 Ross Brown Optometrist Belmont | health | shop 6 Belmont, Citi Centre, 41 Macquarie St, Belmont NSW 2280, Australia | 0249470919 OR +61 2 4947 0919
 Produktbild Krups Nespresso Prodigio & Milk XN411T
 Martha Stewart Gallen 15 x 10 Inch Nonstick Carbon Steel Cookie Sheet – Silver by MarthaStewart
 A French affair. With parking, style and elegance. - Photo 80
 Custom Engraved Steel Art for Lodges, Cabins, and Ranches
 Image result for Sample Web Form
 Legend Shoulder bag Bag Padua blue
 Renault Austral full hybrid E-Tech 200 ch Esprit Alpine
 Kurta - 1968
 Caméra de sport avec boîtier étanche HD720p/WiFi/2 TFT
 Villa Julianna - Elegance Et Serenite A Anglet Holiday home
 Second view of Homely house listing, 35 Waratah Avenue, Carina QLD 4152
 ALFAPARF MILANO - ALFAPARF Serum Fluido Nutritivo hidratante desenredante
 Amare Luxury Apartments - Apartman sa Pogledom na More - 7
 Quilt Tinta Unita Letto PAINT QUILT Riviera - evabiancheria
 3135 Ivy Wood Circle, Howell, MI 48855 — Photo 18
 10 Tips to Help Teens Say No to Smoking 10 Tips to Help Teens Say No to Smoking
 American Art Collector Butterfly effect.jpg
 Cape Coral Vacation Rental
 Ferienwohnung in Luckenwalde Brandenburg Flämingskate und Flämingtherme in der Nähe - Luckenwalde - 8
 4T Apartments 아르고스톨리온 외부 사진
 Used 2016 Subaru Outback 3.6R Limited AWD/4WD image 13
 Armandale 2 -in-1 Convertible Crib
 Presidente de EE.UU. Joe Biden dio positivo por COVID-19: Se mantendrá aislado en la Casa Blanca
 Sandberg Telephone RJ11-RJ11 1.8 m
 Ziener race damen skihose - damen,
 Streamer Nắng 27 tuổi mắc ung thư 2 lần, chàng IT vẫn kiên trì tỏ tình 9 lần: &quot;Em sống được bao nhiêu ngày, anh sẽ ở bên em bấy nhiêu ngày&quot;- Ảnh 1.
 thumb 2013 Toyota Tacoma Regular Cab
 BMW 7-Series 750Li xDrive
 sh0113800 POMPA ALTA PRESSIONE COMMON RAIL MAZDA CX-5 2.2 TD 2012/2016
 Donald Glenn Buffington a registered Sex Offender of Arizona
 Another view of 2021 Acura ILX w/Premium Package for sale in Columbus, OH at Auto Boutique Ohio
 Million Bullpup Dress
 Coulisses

**********

Reproduce the entries exactly, starting at their first line and stopping after the line with "Legend Shoulder bag Bag Padua blue".

# Response
 Ross Brown Optometrist Belmont | health | shop 6 Belmont, Citi Centre, 41 Macquarie St, Belmont NSW 2280, Australia | 0249470919 OR +61 2 4947 0919
 Produktbild Krups Nespresso Prodigio & Milk XN411T
 Martha Stewart Gallen 15 x 10 Inch Nonstick Carbon Steel Cookie Sheet – Silver by MarthaStewart
 A French affair. With parking, style and elegance. - Photo 80
 Custom Engraved Steel Art for Lodges, Cabins, and Ranches
 Image result for Sample Web Form
 Legend Shoulder bag Bag Padua blue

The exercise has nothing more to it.